Published in the Graduate Report, Fall/Winter 2012
At the age of fifteen, Pedro Segarra ’85 left his mother and five siblings and moved – by himself – to Hartford to escape the gang violence that took the lives of two of his good friends in the Bronx neighborhood his family had settled in after leaving Puerto Rico in 1966. While Segarra never imagined he would someday be Hartford’s mayor when he stepped off the bus in Union Station, he came to the city he now leads – and loves – optimistic about the future. “I spoke to my mother and basically told her I was leaving because I wanted to do better for myself and get away from the drugs, drinking and guns,” recalls Segarra, whose father was shot and killed when Pedro was only a year old. “That conversation took place on a Thursday. On Friday, I told my boss at the supermarket that I needed my paychecks because I was leaving on Saturday to get away from the gangs.”

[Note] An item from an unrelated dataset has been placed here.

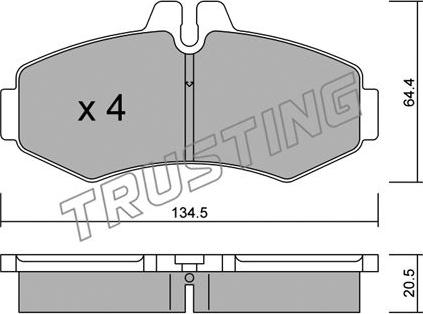 Trusting 589.0 - Əyləc altlığı dəsti, əyləc diski furqanavto.az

According to Segarra, his decision to start a new life in Hartford had its roots in a conversation he had at a San Juan Festival in New York with Maria Angelica Bithorn, a professor at Greater Hartford Community College (now Capital Community College) at the time. When he learned that Bithorn was a professor, Segarra told her he wanted to go to college some day, perhaps her college, and he proceeded to write down her telephone number on a paper bag. “She told me to look her up if I ever got to Hartford,” he says. He did.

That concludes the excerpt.